Les internautes américains ayant téléchargé ou mis en ligne des fichiers illégaux courent-ils un risque? Et les Français?

Techniquement, oui; dans la pratique, sans doute pas. «Je doute que le gouvernement ou les ayants droit se lancent dans des poursuites individuelles, surtout contre des utilisateurs étrangers, même si c'est une possibilité en théorie», estime Eric Goldman. Selon James Grimmelmann, il est «sans doute possible» qu'un ayant droit français fasse une demande pour accéder aux pièces du dossier. Mais pour Julie Samuels, «que Megaupload ait été mis hors-ligne ne change rien.» En clair, les ayants droit devraient suivre la procédure habituelle, ici compliquée par le fait que le site soit fermé. L'avocate de l'EFF n'exclut cependant pas que certains internautes –surtout ceux qui auraient mis en ligne des fichiers illégaux populaires et touché de l'argent via le programme de récompense automatique– puissent avoir des ennuis.

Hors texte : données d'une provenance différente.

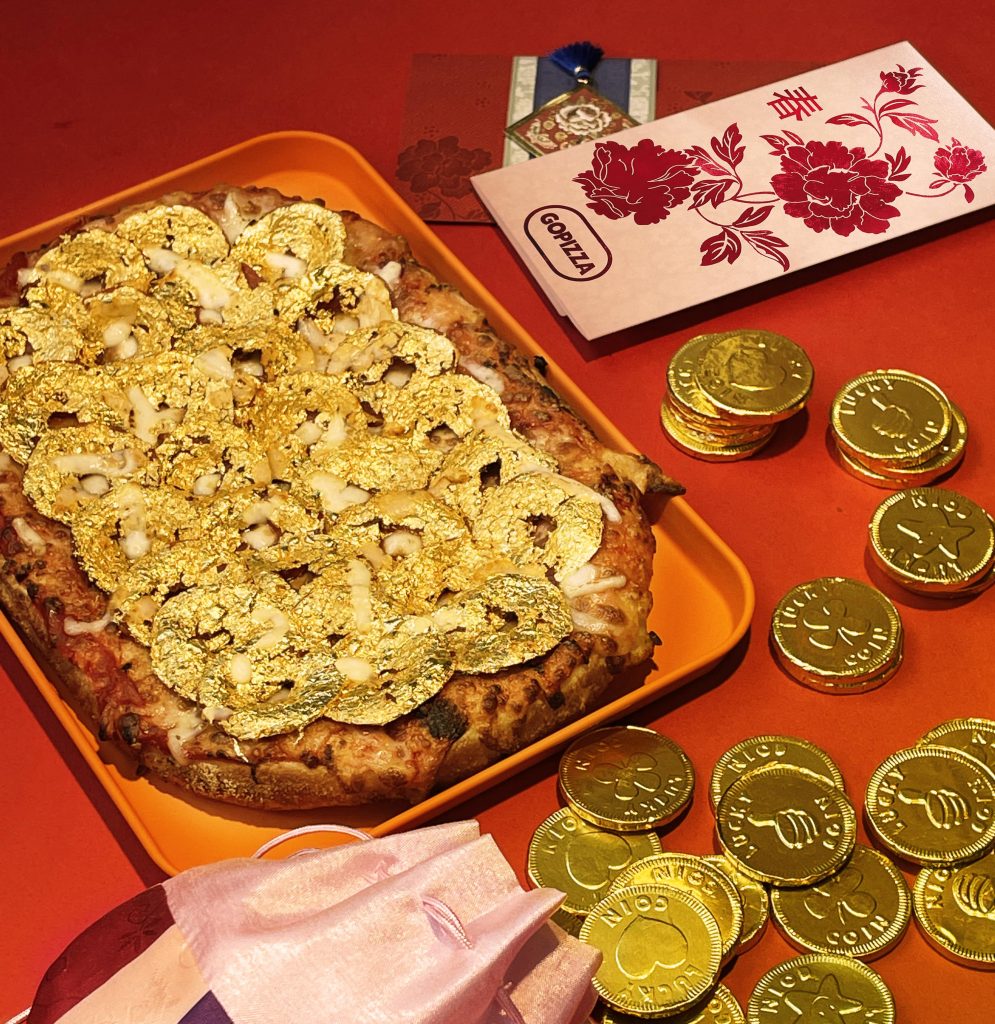 [Review] GOPIZZA Introduces Many Prosperoni Pizza for CNY 2024 with Coin-shaped Pepperoni - Alvinology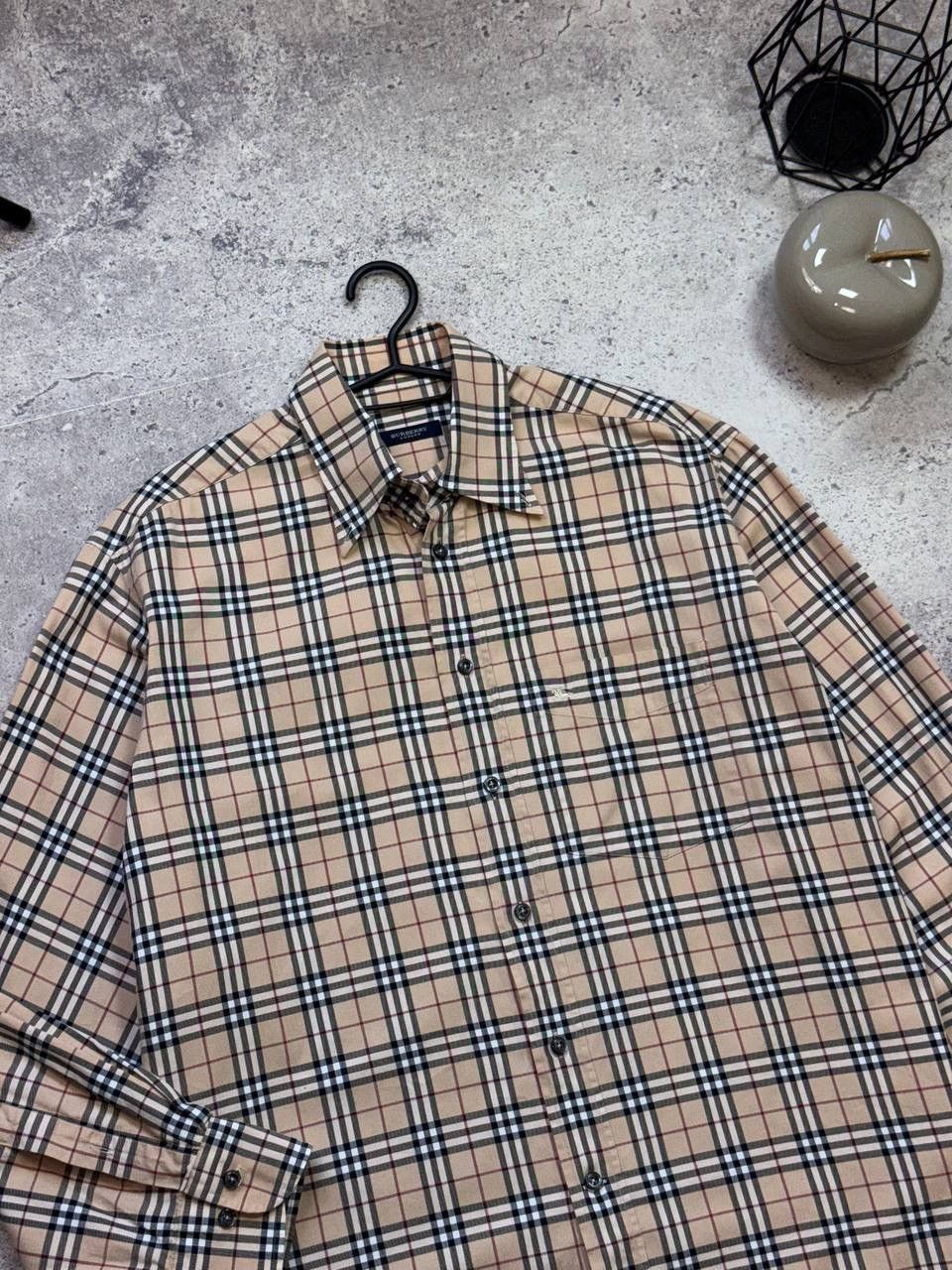 Burberry Burberry Shirt Beige Size US M / EU 48-50 / 2 - 4 Thumbnail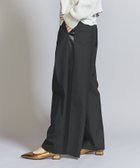 【ユナイテッドアローズ/UNITED ARROWS】のサイドライン ラップパンツ BLACK|ID: prp329100004681479 ipo3291000000034020175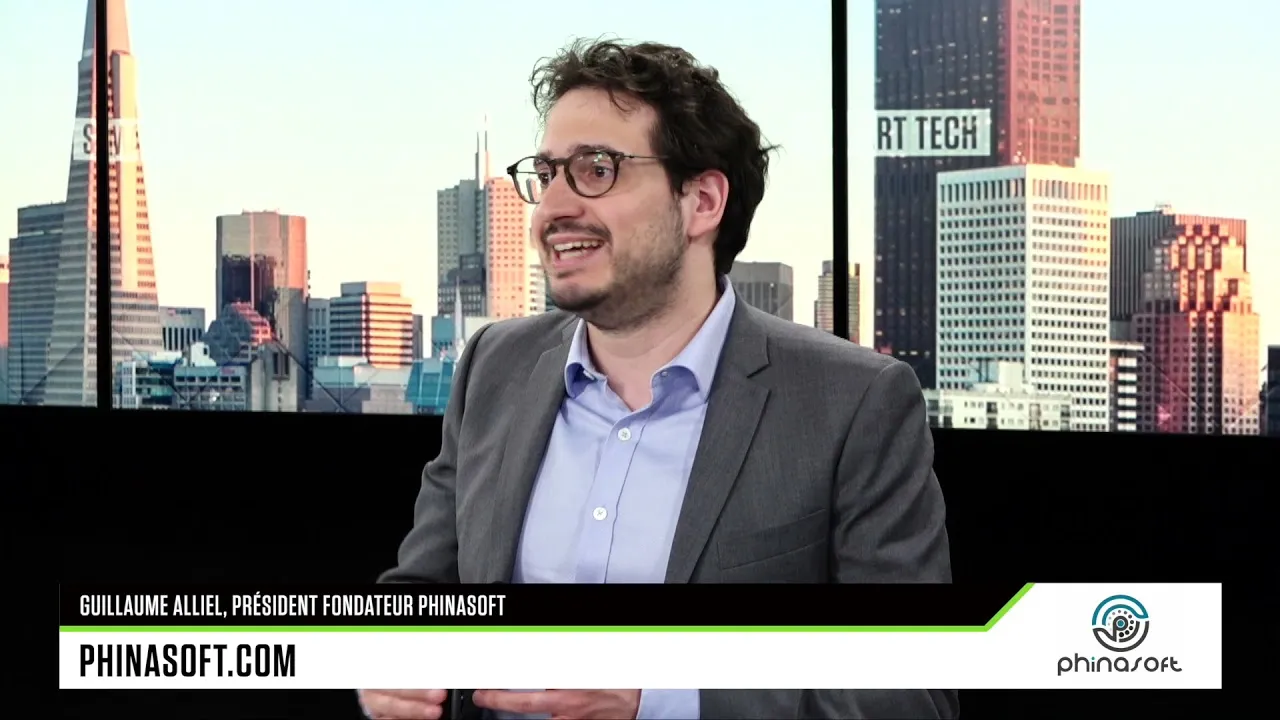 LE LAB - L'interview de Guillaume Alliel (Phinasoft) par Cécilia Severi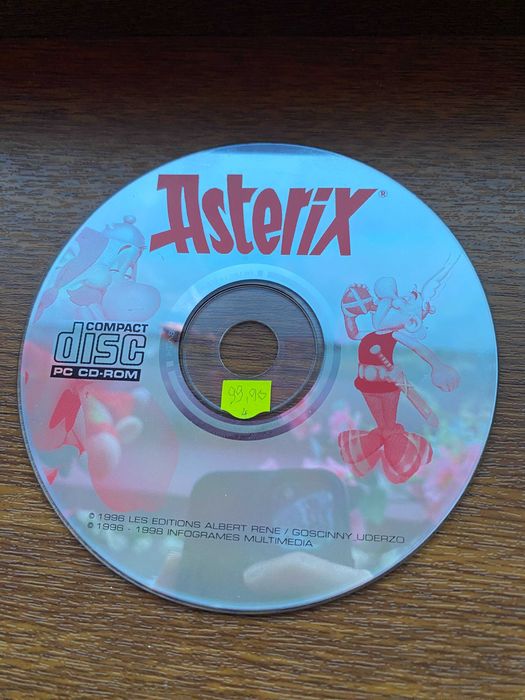 Asterix [pc] gra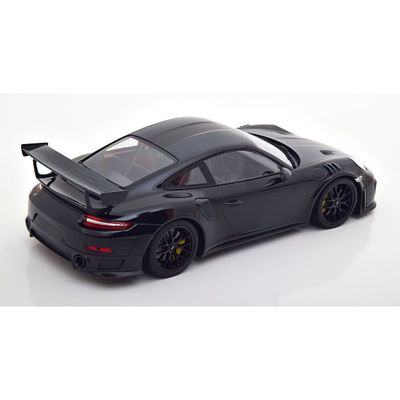 Porsche 911 GT2 RS Weissach 2018 - Svart - Minichamps - 1:18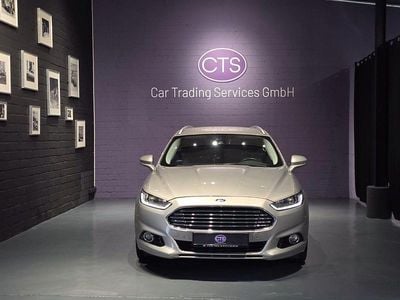 Gebraucht Ford Mondeo Business Edition 203 PS (149 kW) 2015 Silber Kombi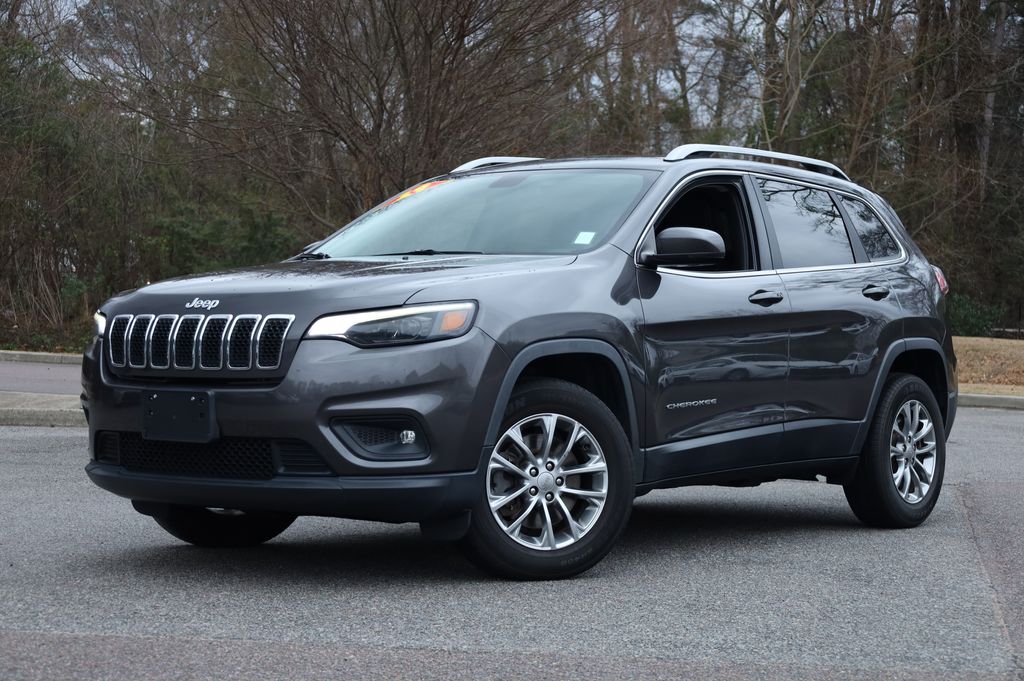 2019 Jeep Cherokee Latitude Plus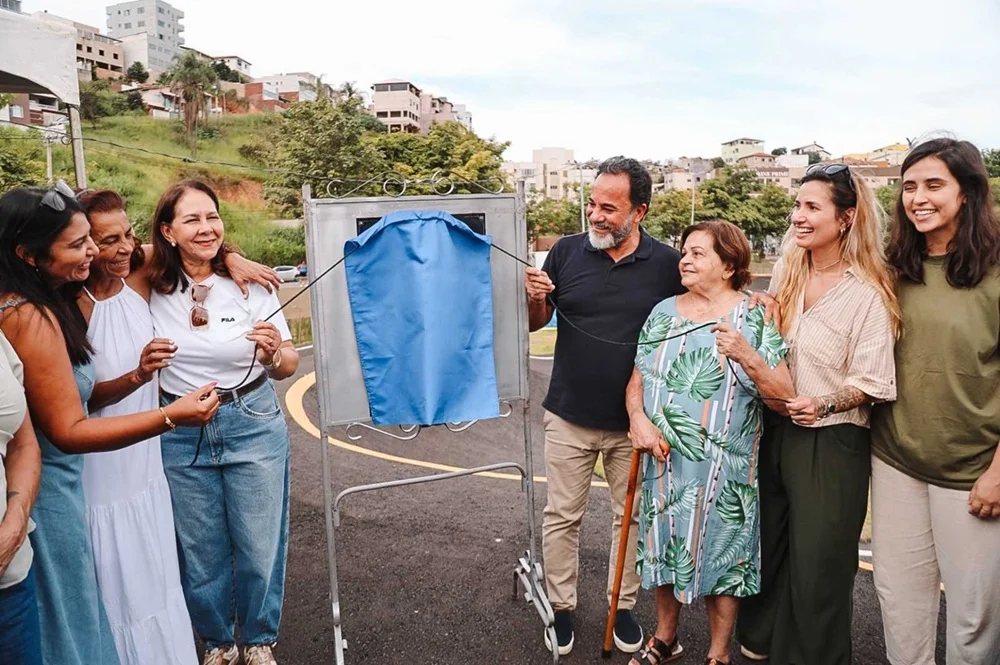 Com cerca de 1 km, pista de pump track é inaugurada no bairro Praia, em Itabira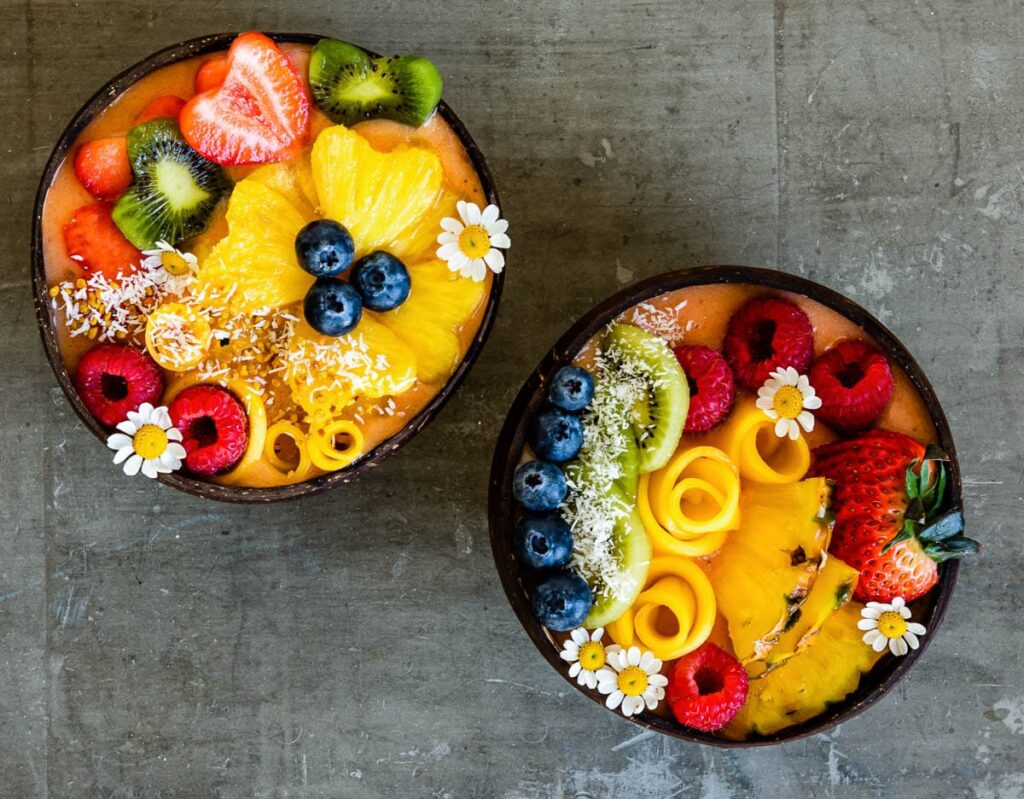 Tropical Smoothie Bowl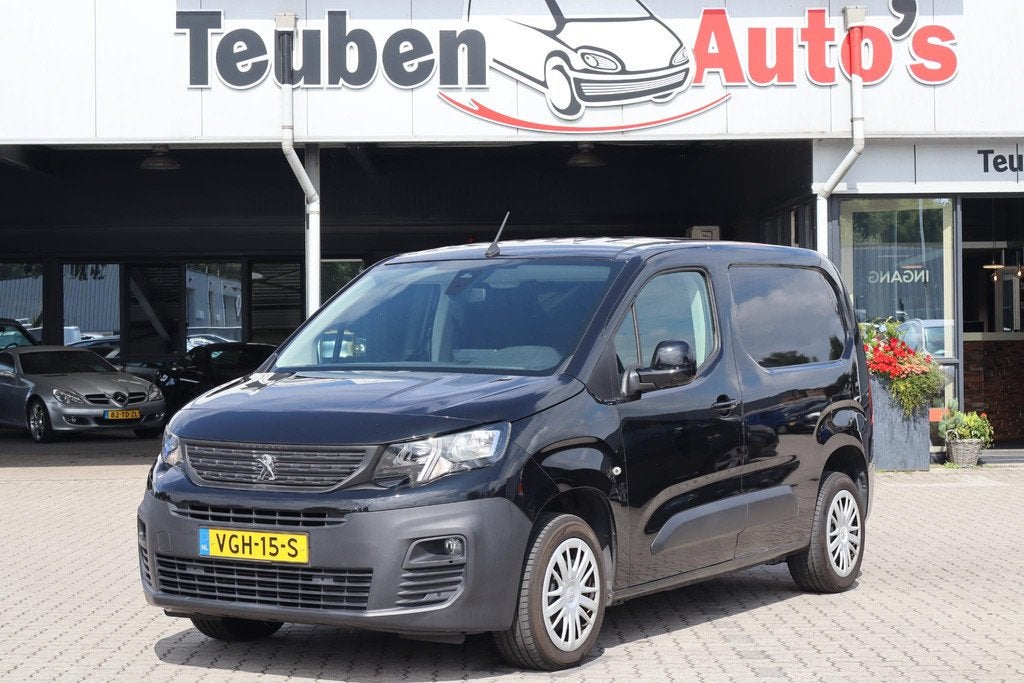 Peugeot Partner 1.5 BlueHDI Premium Automaat, Navigatie, App, Auto's, 1350 kg, Gebruikt, Euro 6, 4 cilinders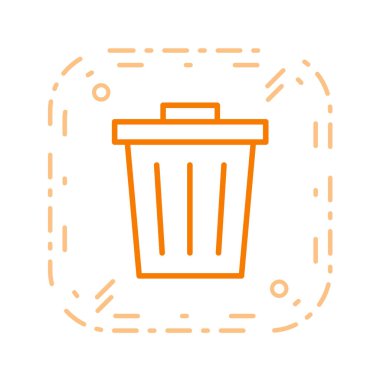 minimalist vektör illüstrasyonu, uygulama simgesi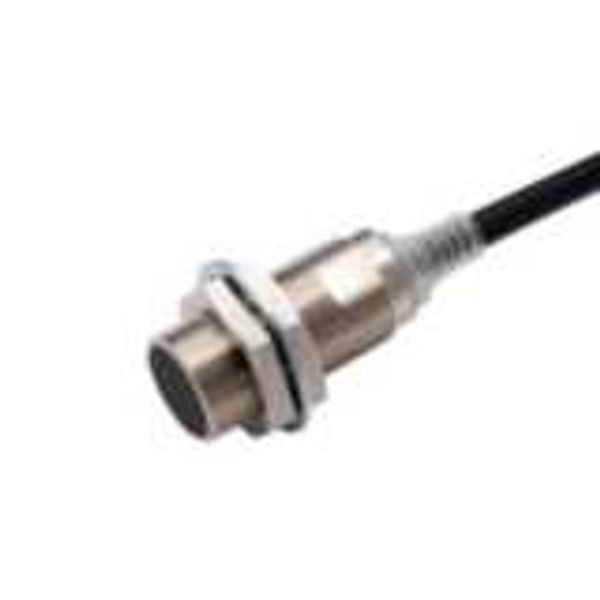 Proximity sensor, inductive, nickel-brass, short body, M18, shielded, E2EN1273H image 2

Le fondateur et les cadres inculpés ont-ils une chance lors d'un éventuel procès aux Etats-Unis?

L'acte d'accusation contient des éléments qui semblent accablants. Le plus grave? Les cadres «ont apparemment téléchargé toutes les vidéos YouTube qu'ils pouvaient pour les mettre sur Megaupload/Megavideo. Surtout, des emails échangés entre des employés montrent qu'ils savaient que des fichiers spécifiques étaient illégaux», relève James Grimmelmann. Pour être protégé par la clause du Safe Harbor de 1998, il ne suffit pas de faire du ménage sur demande des majors. Il faut également balayer soi-même quand on détecte un fichier interdit. Le coeur du débat, c'est qu'un site n'a aucune obligation d'enquêter sur la nature des fichiers hébergés. En somme, comme le dit la maxime anglaise, «ignorance is bliss» («la béatitude vient de l'ignorance»). Mais avec leurs emails internes évoquant des fichiers illégaux volontairement laissés sur le site, les employés de Megaupload ont peut-être fourni à la justice américaine la corde avec laquelle les pendre. Ils risquent 20 ans de prison.